The 135mm is very well built lens that gives you creative control of the bokeh. However, because it’s soft at wide apertures I likely will never own the lens even if it was given to me as a gift. There are rumors of a "G" version in the future, which I'm excited about and would love to try.
The 85mm 1.4G is already a popular choice and for a very good reason. The focal length, sharpness, weight and bokeh are all top notch. It does unfortunately hunt for focus in the dark, and if I was a studio photographer I'd stay far away from this lens, especially since I likely will not shoot at wide apertures. (The 70-200 2.8 is my choice of lens in the studio.)
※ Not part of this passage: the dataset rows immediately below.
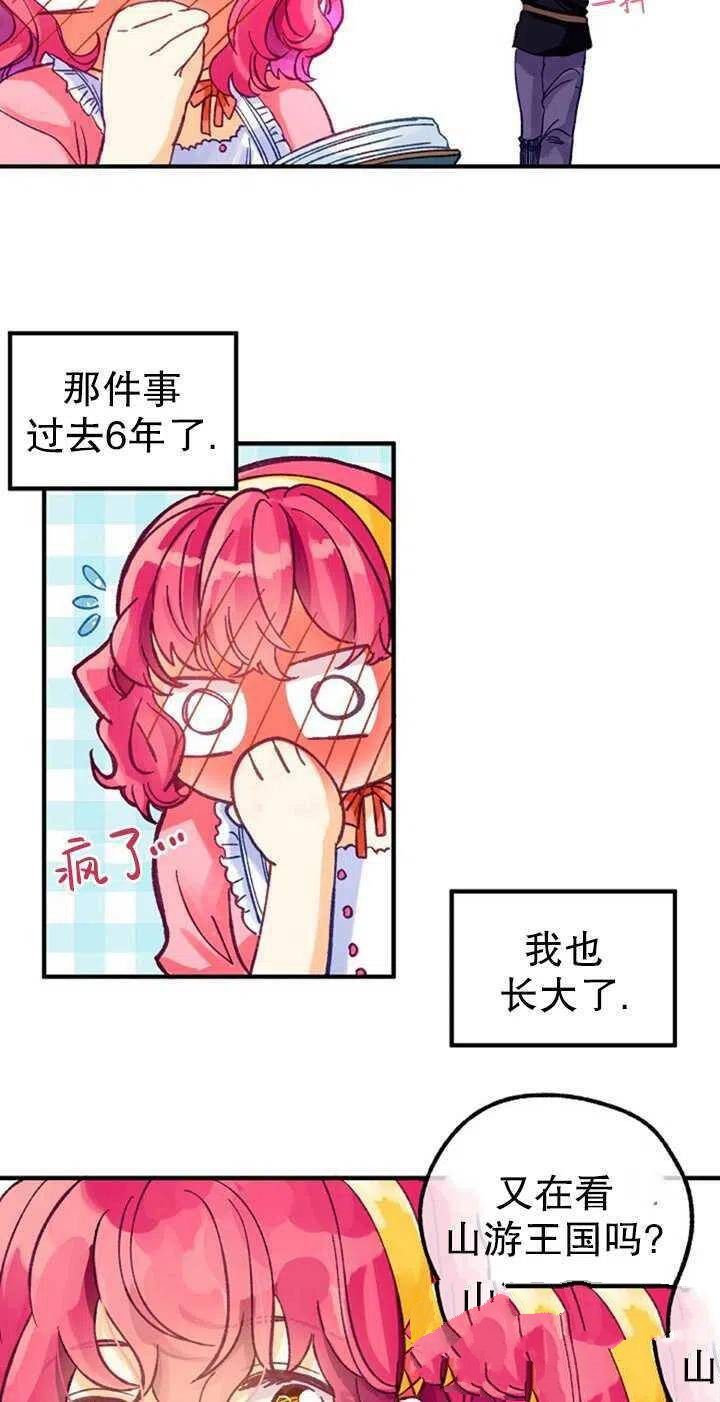 《深情公爵的秘密》漫画最新章节第3话免费下拉式在线观看章节第【35】张图片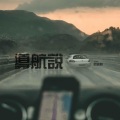 何深彰 - 导航说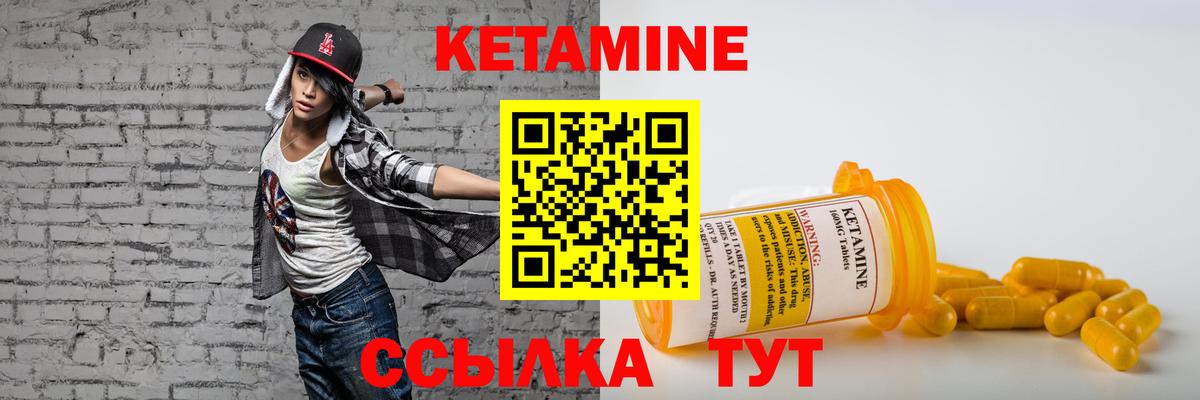 КЕТАМИН VHQ Мелеуз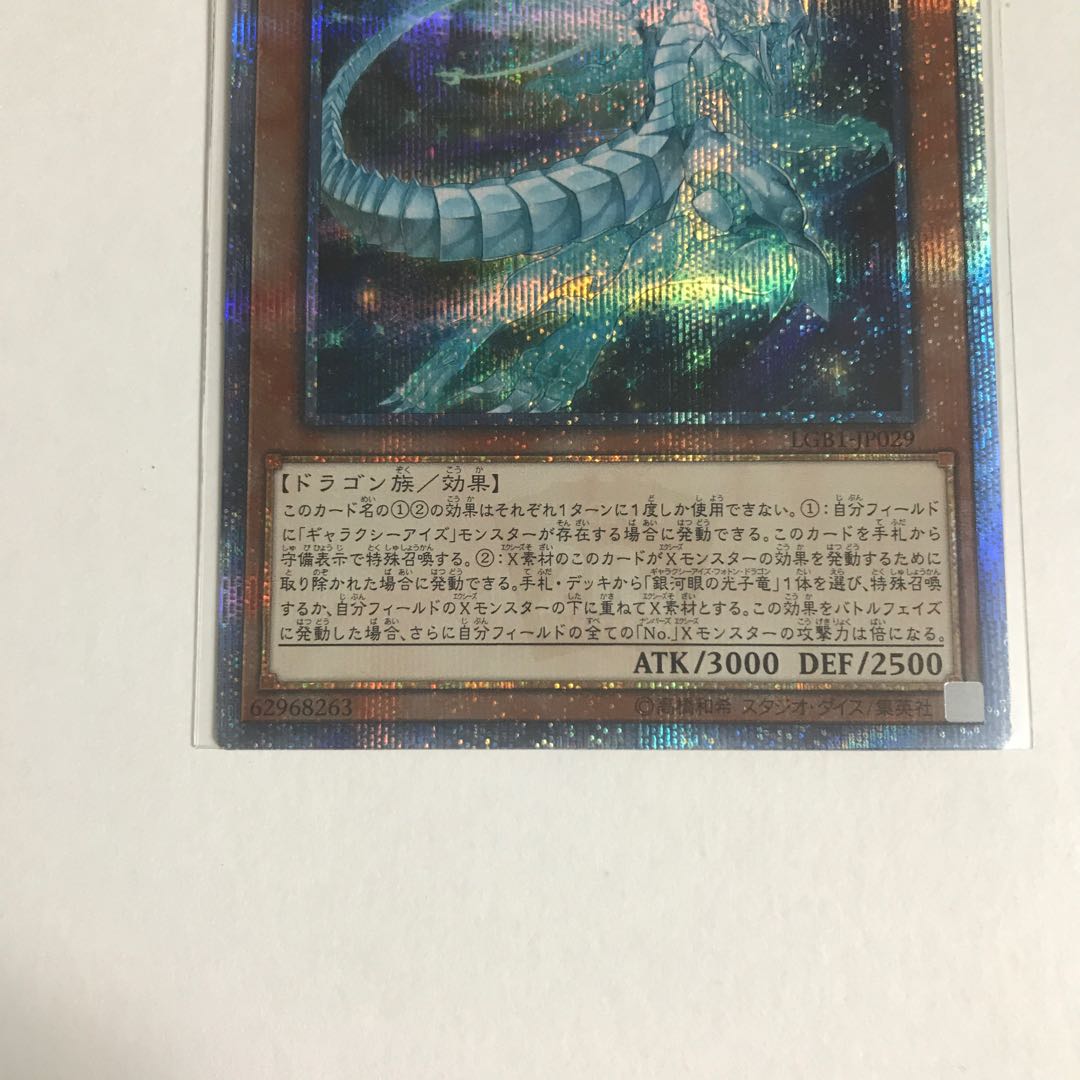 銀河眼の残光竜 20thシークレットレア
The tools you use are essential. It's up to you to find the ones you like and that work for you in your process of creation. Sometimes it's good to try something new and move out of your comfort zone. But sometimes you may be able to achieve anything with just one lens, and we can get caught up in the constant want and need for more. I recommend renting some lenses and finding what works best for you.